I did investigate tpacall() before and you can find more details there.

But this time I had to prepare internal presentation so I developed a small Tuxedo app for simulation and scripts for visualizing the results.

Just 2 Tuxedo servers, one calling the other, and a client program injecting the events. The application can process 10 events per second, 20 events per second are sent to the application, 100 events in total. If everything goes well application should be able to handle 100 events in 10 seconds.
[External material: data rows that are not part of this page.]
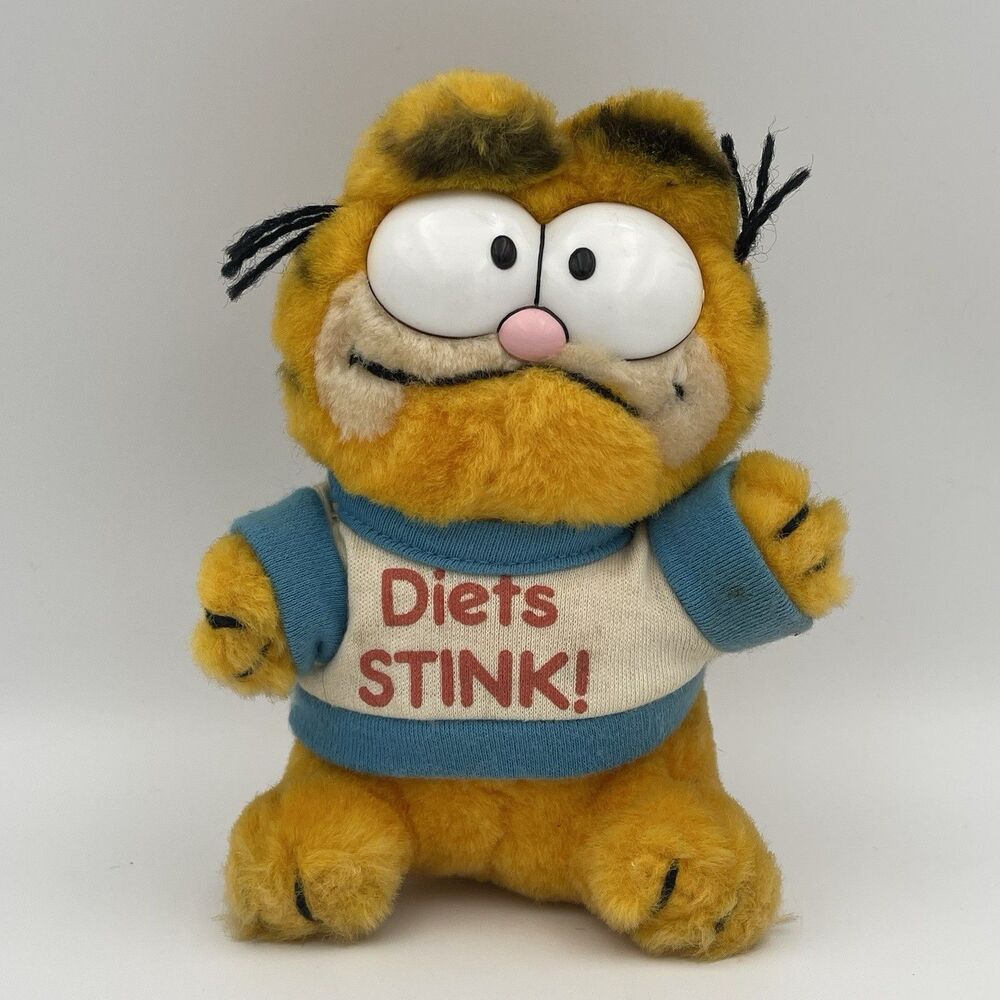 Vintage 80s Dakin 6” Garfield Plush Character Doll Diets Stink 1986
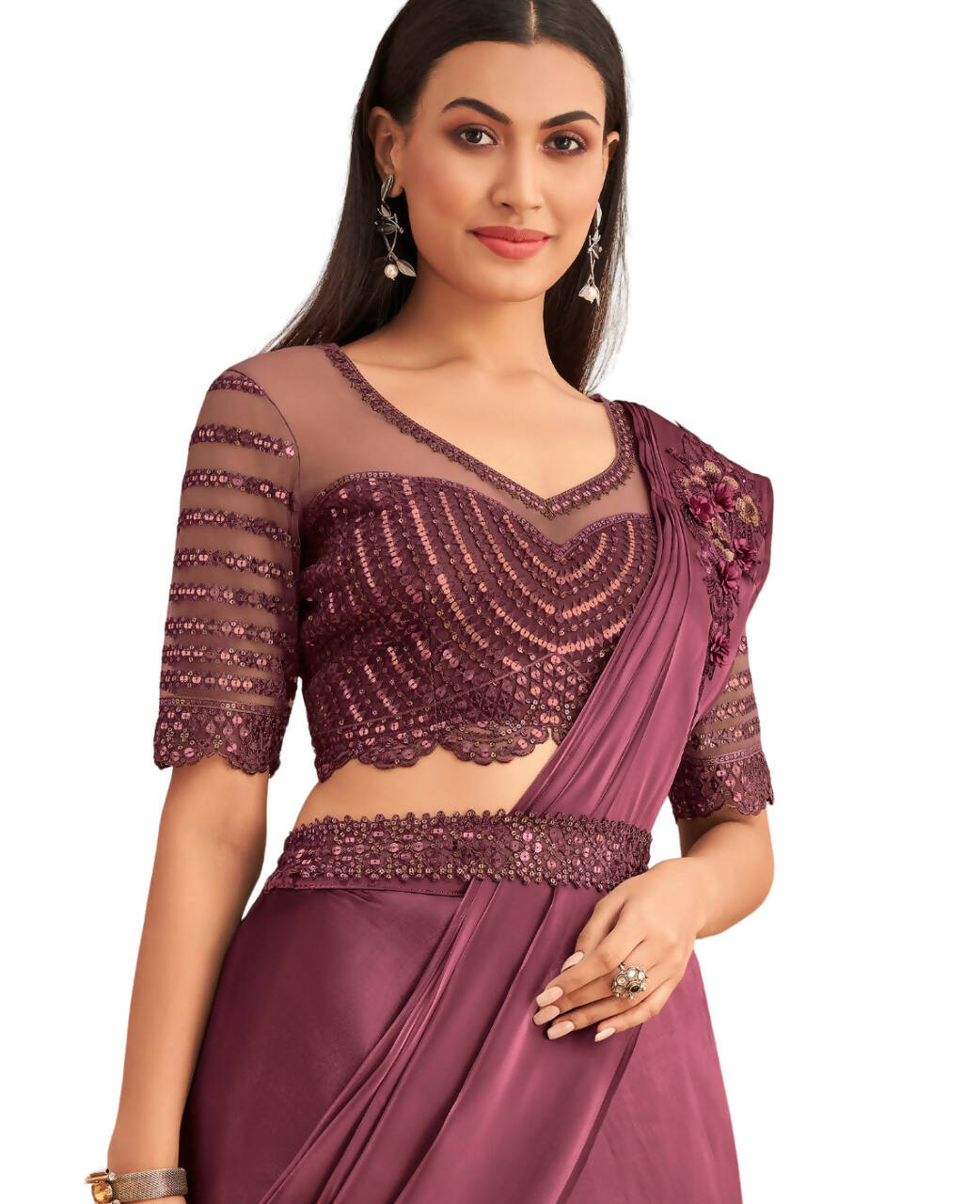 Wine Satin Embroidered Ready To Wear Saree With Unstitched Blouse Piece - Nandika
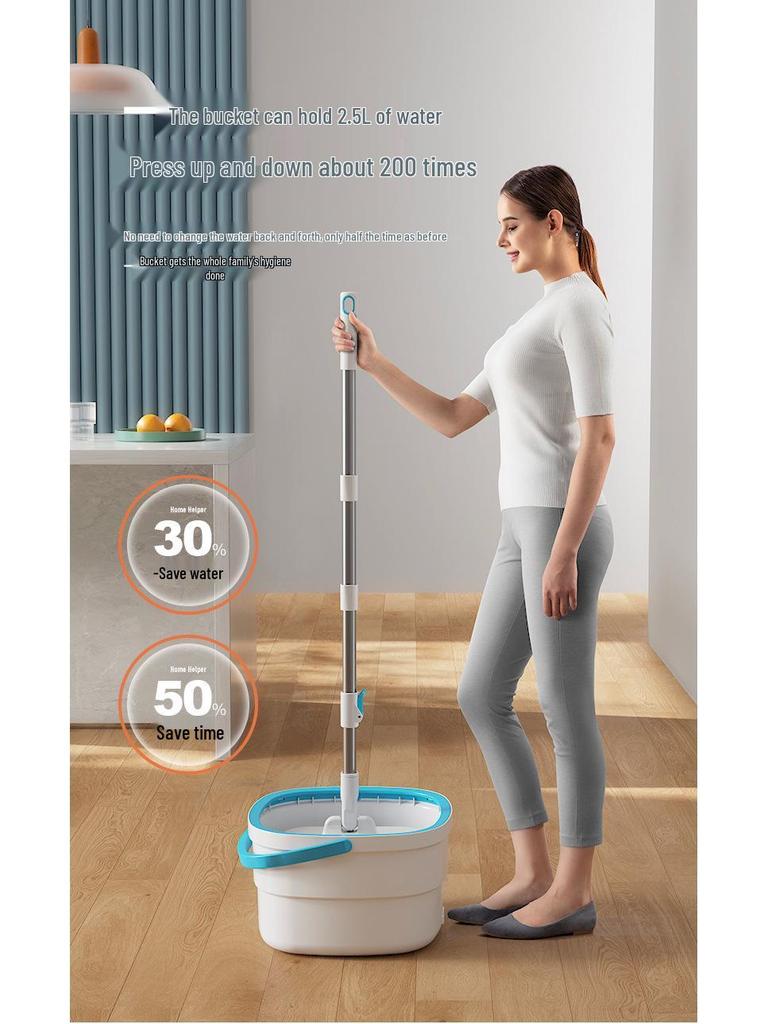 New Generation Dual-Bucket Spin Mop - Effortless Clean & Dirty Water Separation, Hands-Free Operation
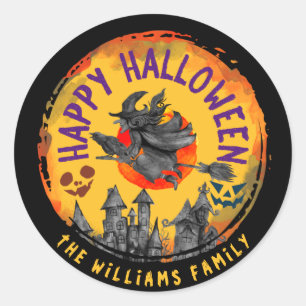 Gruseliges Happy Halloween Orange Hexenbesen   Runder Aufkleber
So here we can see how Tuxedo application behaves when queues are big enough and application can buffer excess messages:

Unlimited queues

However, it goes south when queues are too small to buffer excess messages:

Limited queues

Processing time increases significantly. As I wrote before, it is due to how timeout is implemented using system calls that have no concept of timeout. The algorithm is:

  • Try to put the message in the queue in non-blocking mode of msgsnd()
  • If it fails, try to put message header (file-transfer) in the queue in non-blocking mode of msgsnd()
  • If it fails, sleep for 1 second (!)
  • Try to put message header (file-transfer) in the queue in non-blocking mode of msgsnd()
  • If it fails, sleep for 1 second (!)
  • Try to put message header (file-transfer) in the queue in non-blocking mode of msgsnd()
  • If it fails, sleep for 1 second (!)
  • Continue until either msgsnd() succeeds or blocking timeout occurs.

We can verify it by having small queues but disabling the blocking timeout by using tpacall(..., TPNOTIME):

Limited queues

If you want your application to run smoothly, increase your queues, and consider using TPNOTIME where possible.